Norwegian firm Storebrand Asset Management said it is divesting some of the world’s largest fossil fuel firms including Exxon, Chevron, Rio Tinto, BASF, shedding $47m (€39.5m) of shareholdings in a blacklisting involving a total of 27 firms.

The $91bn division of the Storebrand financial group said it was adopting a “new enhanced climate policy” to speed up its work against climate change, citing firms’ climate lobbying practices as reason for more than half of the exclusions, with involvement in coal and tar sands extraction being the reason for the others.

Jan Erik Saugestad, Storebrand Asset Management chief executiveofficer, said: “The Exxons and Chevrons of the world are holding us back.”

Describing the fossil fuel portfolio purge as an initial move, he warned it did “not mean that BP, Shell, Equinor and other oil and gas majors can rest easy and continue with business as usual, even though they are performing relatively better than US oil majors.”

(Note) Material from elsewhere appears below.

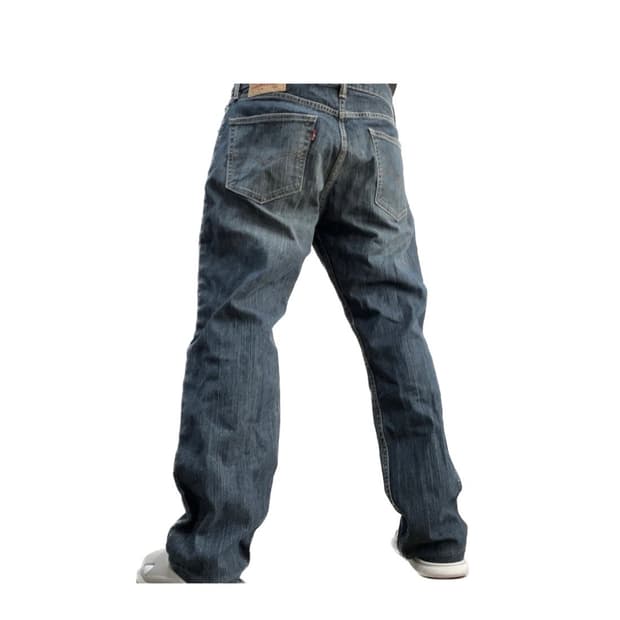 리바이스 505 데님팬츠 34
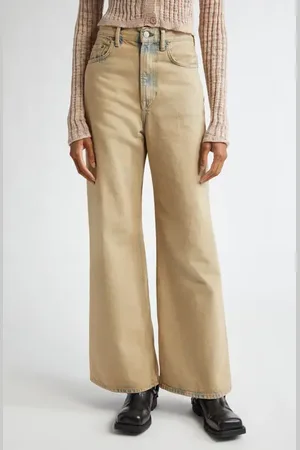Acne Studios 2022 Relaxed Wide Leg Jeans in at Nordstrom, Size 24 30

Saugestad said the world needed to move away from the use of oil and gas, without simply deflecting attention to carbon offsetting, capture and storage, adding that fossil fuel alternatives such as wind and solar power were really available.

Storebrand said its new climate policy involved the exclusion of companies that lobbied against the Paris Agreement and those that derived over 5% of revenues from coal or oil sands, as well as increasing capital flows into low-carbon, climate-resilient companies.   

“We expect that our peers will adopt new policies like this as part of a logical progression in global fossil fuel divestment,” said Saugestad.